Pineapple Upside-down Cake is a retro classic! This delightful and delicious dessert features a soft, buttery vanilla cake infused with sweet pineapple juice and gooey caramelized brown sugar, then finished with canned pineapple rings and maraschino cherries. It’s a cake for all occasions and celebrations!
If my grandmother made a cake, it was a pineapple upside-down cake. It’s the only homemade cake recipe I can recall from my childhood (on my dad’s side). Truthfully, I didn’t care for it then (sorry, Grandma), but I’ve come around.
Easy Pineapple Upside Down Cake
To make this pineapple upside-down cake, pineapple slices and maraschino cherries are placed in a gooey, sticky mixture of melted butter and brown sugar at the bottom of a cake pan. The buttery vanilla cake batter is poured over the top and baked. After baking, the pan is inverted (aka flipped upside down) and turned out of the pan, revealing the rich, sugary topping of caramelized pineapples and cherries.
Yummy, yes? Let’s make it.
Best Pan for Pineapple Upside Down Cake
You have several options here, all of which are equally great. The most popular choice is an 8-inch or 9-inch round cake pan. round pan works nicely since it allows the pineapple rings to fit snugly together. Alternatively, you can use a large, well-seasoned cast iron skillet or a square or rectangular baking dish.
Most importantly, however, use a pan that is at least 2 inches deep and grease the pan’s bottom thoroughly (or line it with parchment paper) to ensure the cake releases easily when flipped.
Key Ingredients
Find the printable recipe with measurements in the recipe card below.
- Butter: If you have salted and unsalted butter available, I recommend using unsalted butter for the cake batter and salted butter for the caramel-like topping.
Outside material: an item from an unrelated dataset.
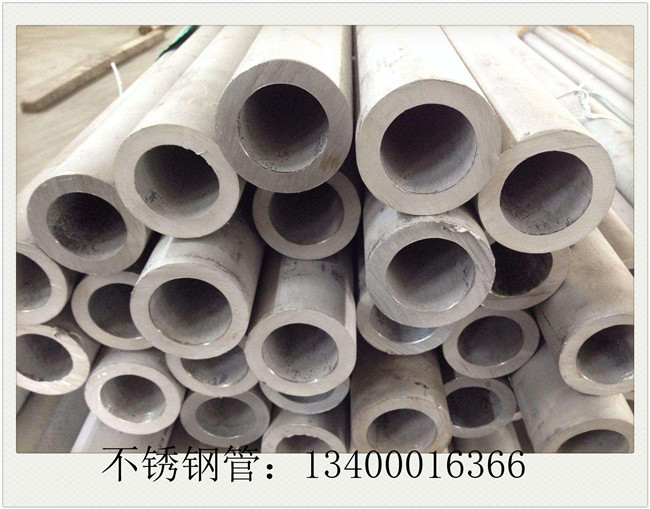 904不銹鋼管市場(chǎng)將維持低位運(yùn)行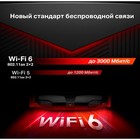 Роутер беспроводной Mercusys MR80X AX3000 10/100/1000BASE-TX черный - фото 51362097 Роутер беспроводной Mercusys MR80X AX3000 10/100/1000BASE-TX черный - фото 51362097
If not, use your preference. I prefer salted butter.
- Sugar: We will need both granulated sugar and brown sugar. The granulated sugar will sweeten the cake, while the brown sugar will mix with the melted butter to make a sticky caramel-like topping.
- Eggs plus egg yolks: Eggs are a binder, helping give the cake its light, airy texture.
- Vegetable oil: To keep the cake moist.
- Vanilla extract: To make it a vanilla cake!
- Milk: For moisture. Tip: For more pineapple flavor, swap half of the milk for pineapple juice.
- Dry ingredients: All-purpose flour, cornstarch, baking powder, and salt.
- Pineapple slices: Canned pineapple rings are most often used because they’re convenient and sliced in even, perfect slices. However, you may also use fresh pineapple if preferred.
- Maraschino cherries: The cherries are placed in the center of the pineapple rings for color and sweetness. They are primarily used for decoration; omit them if desired.
How to Make Pineapple Upside Down Cake
1. Preheat the oven to 350 degrees Fahrenheit and spray a 9×13 baking dish or 9-inch round cake pan with nonstick spray. Set aside for later.
2. Prepare the cake batter: In a medium bowl, sift together the dry ingredients (all-purpose flour, cornstarch, baking powder, and salt). In a separate bowl, cream the butter and sugar until light and fluffy, about 2 minutes. Add the eggs and egg yolks, followed by the oil and vanilla extract, mixing between each addition until just combined.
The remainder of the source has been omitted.